Mac Developer Roundtable Podcast

December 19th, 2008

Way back in November, the day before the U.S. election, I participated in another Mac Developer Roundtable podcast on the iPhone SDK. These are always fun to record, mostly for the back channel chatter on Skype while recording them. You can find the episode here:

Episode 14: The iPhone SDK

Those of you interested in Mac/iPhone development will find a world of resources at the Mac Developer Network. I highly recommend a subscription: these kind of peer-developed resources are what makes developing for these platforms such a joy. They deserve our support.

Quantified Self Meetup

December 15th, 2008

Last week, I gave a quick MemoryMiner demo at a meetup of the Quantified Self. This is a group of super-smart technologists, designers, writers, and the like, who recently formed and meet once a month. This time it was at IDEO’s San Francisco office, which is a really cool space in one of the old San Francisco piers.

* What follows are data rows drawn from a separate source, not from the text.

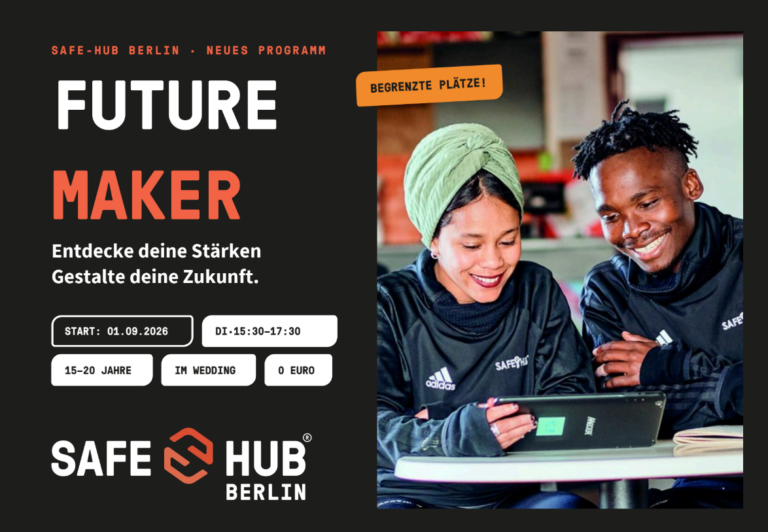 FutureMaker 2026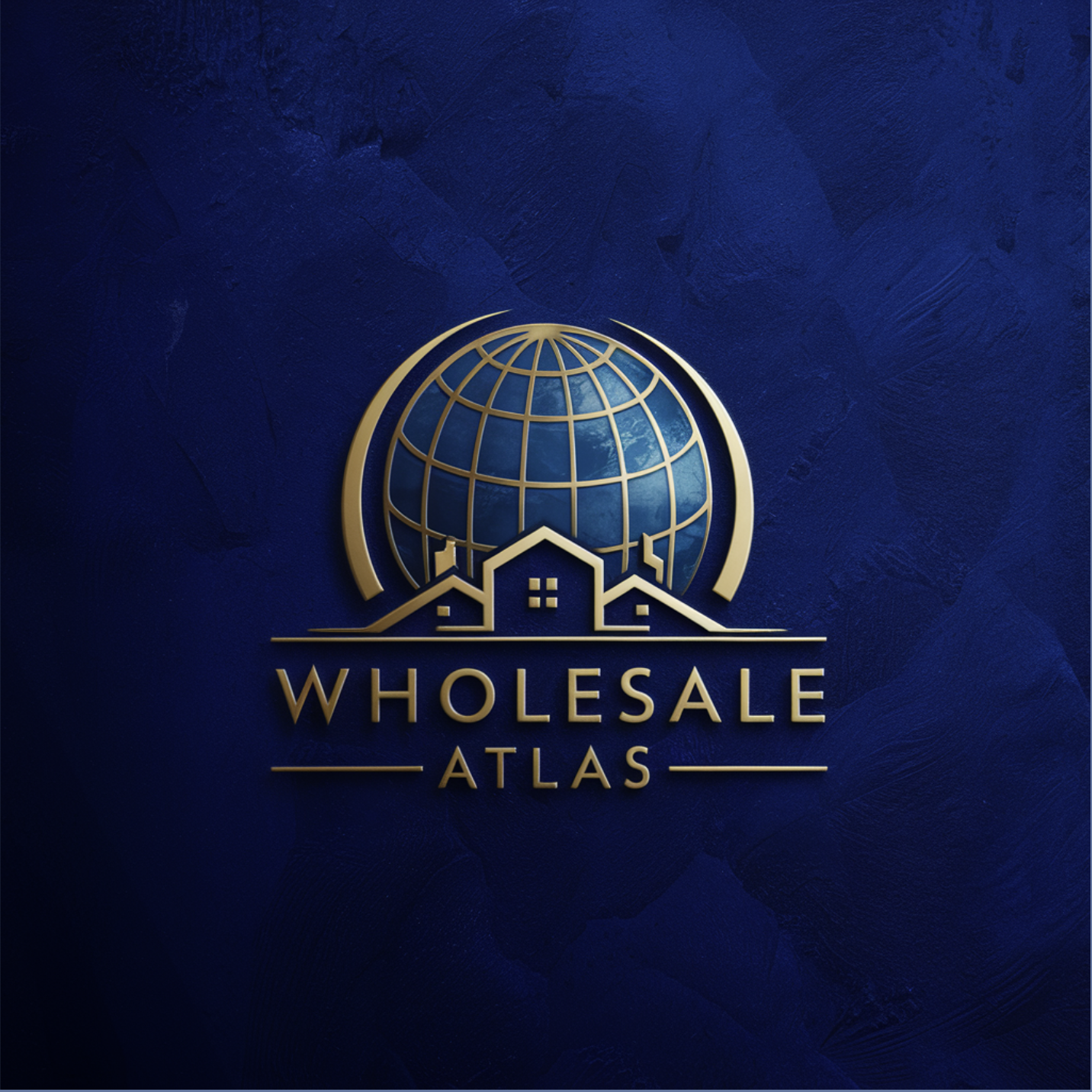 The Wholesale Atlas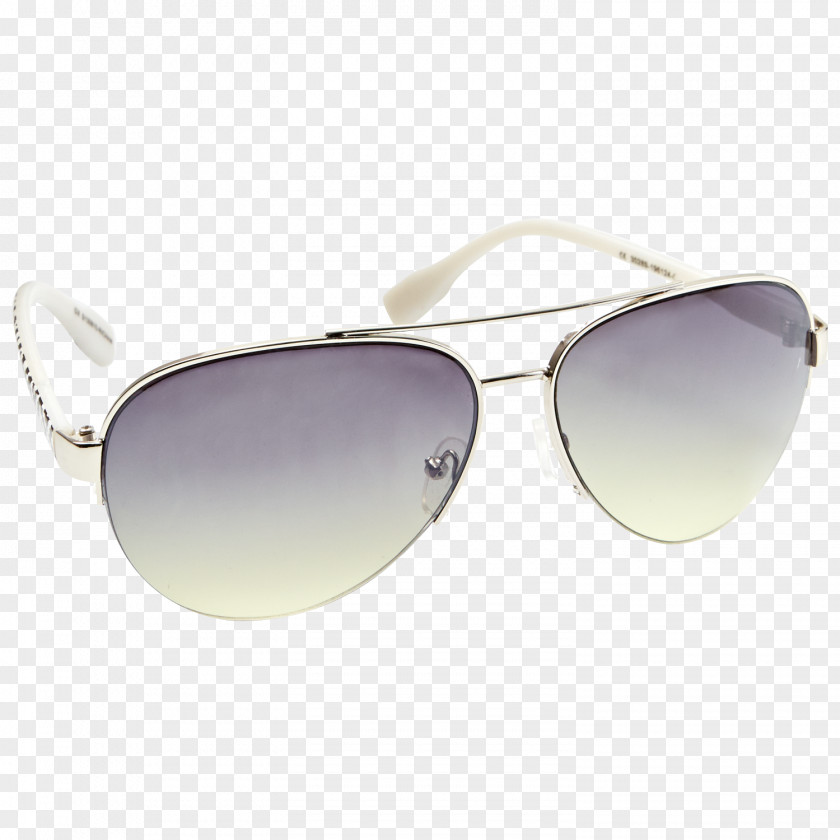 Sunglasses Silhouette Goggles Oakley, Inc. PNG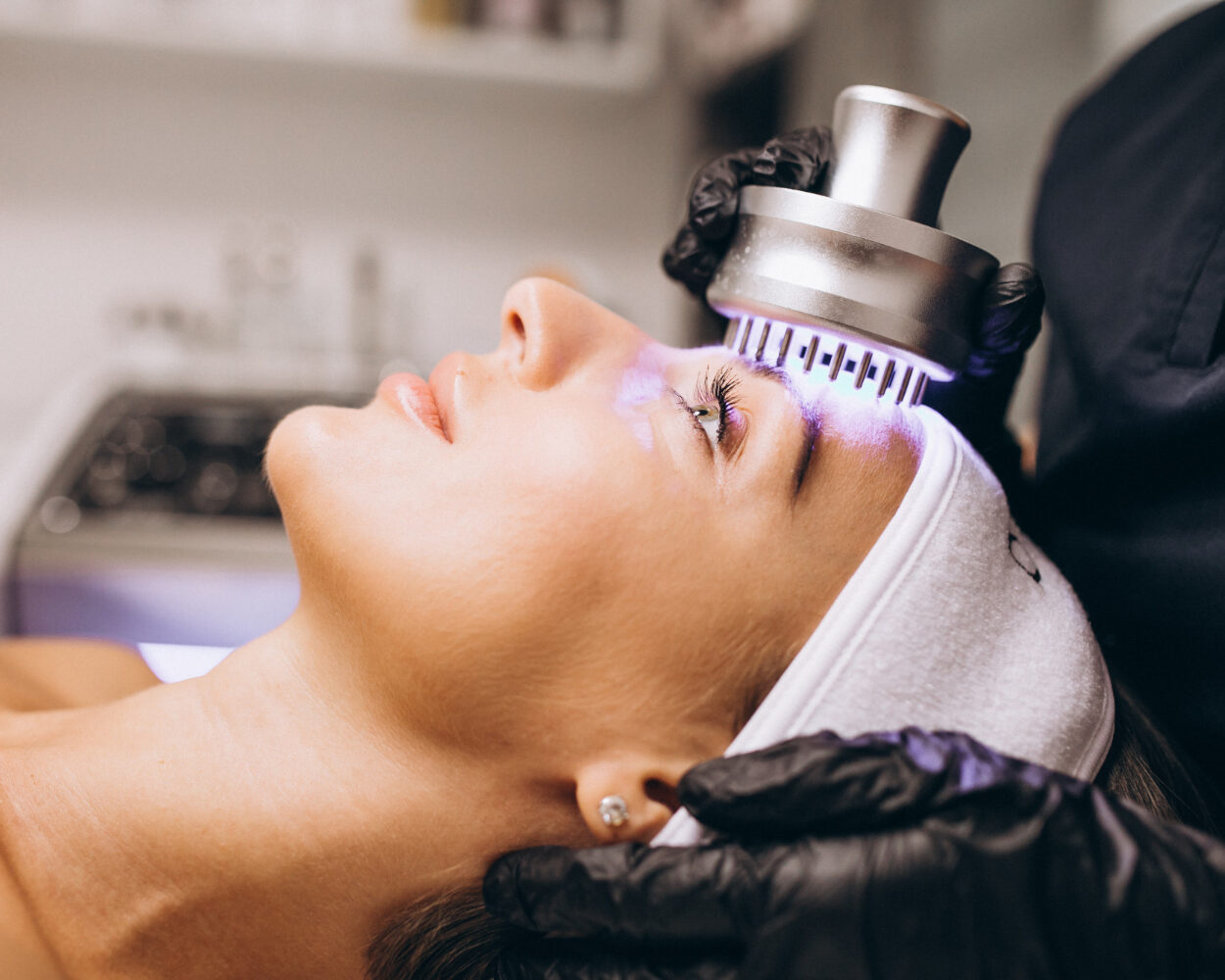 16732 e1770566919573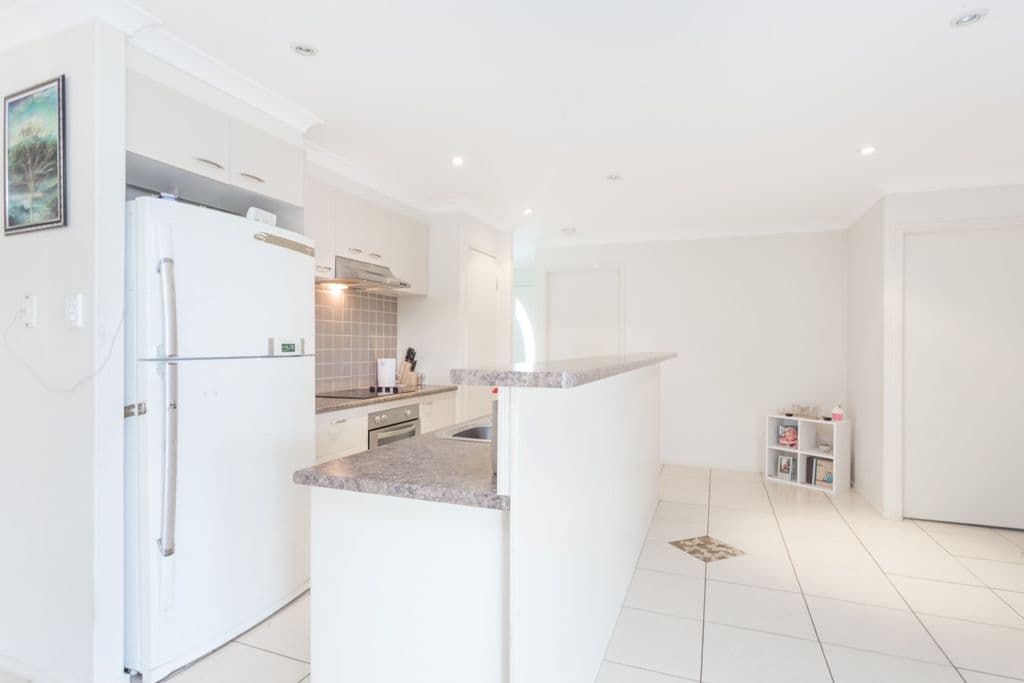 10 Bolte Crescent, KALLANGUR QLD 4503, Kallangur - Thumbnail 3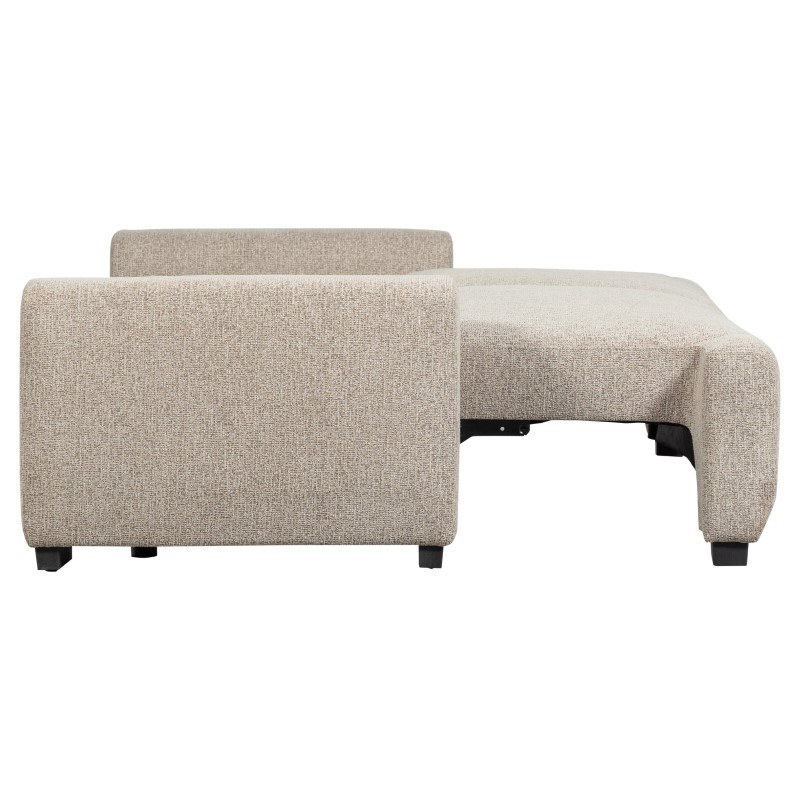 Sofa Night dzień -noc, naturalny melange, Vtwonen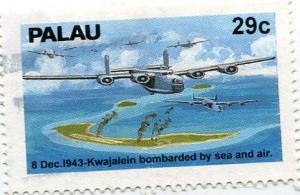 Colnect-6055-474-B-24s-over-Kwajalein-Dec-8.jpg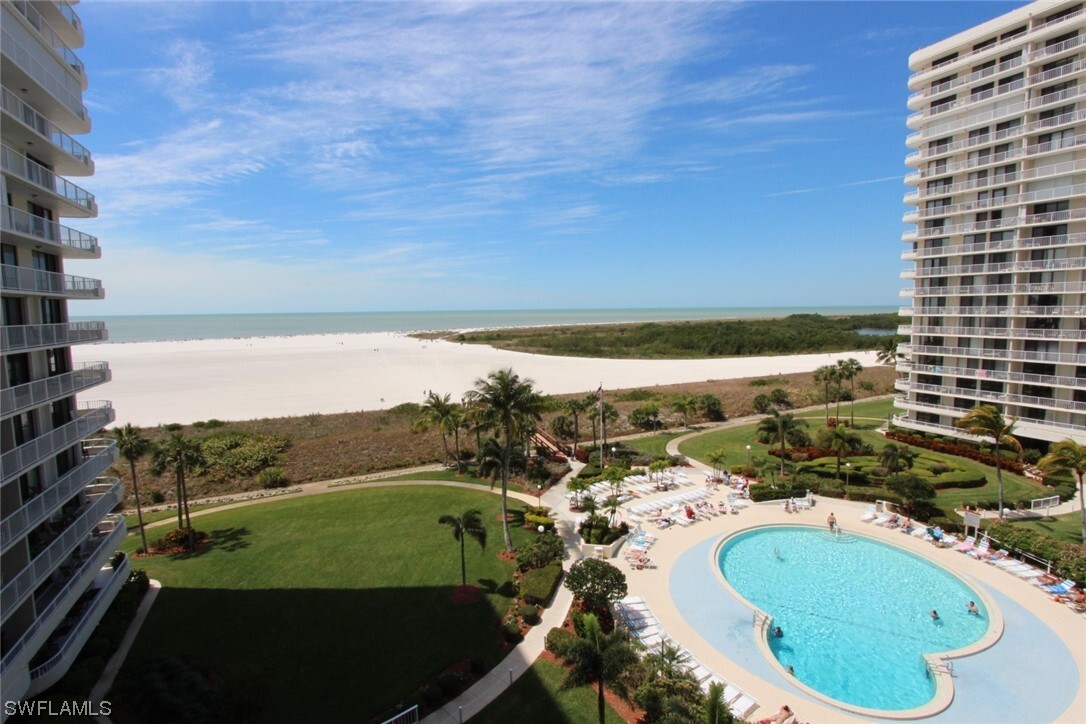 Foto principal - 260 Seaview Ct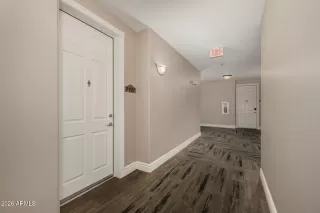 Primary Photo for MLS#: 6980627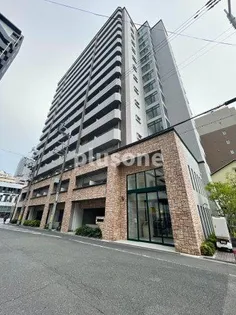 スプランディッド難波の画像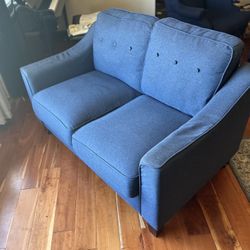 Loveseat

I was pretty damn nervous about trying to present MemoryMiner in 5 minutes, but somehow managed. It was very well received: I had a number of people seek me out, and even some offers of help and support (including design help for some of the tricky time/place correlations I’ve been struggling with). The whole thing was recorded, but I haven’t seen the video yet, so I thought I’d post a video of my presentation at the Los Angeles Idea Project from this past June:

John Fox, Memory Miner LA-IP 2008 from LA-IP on Vimeo.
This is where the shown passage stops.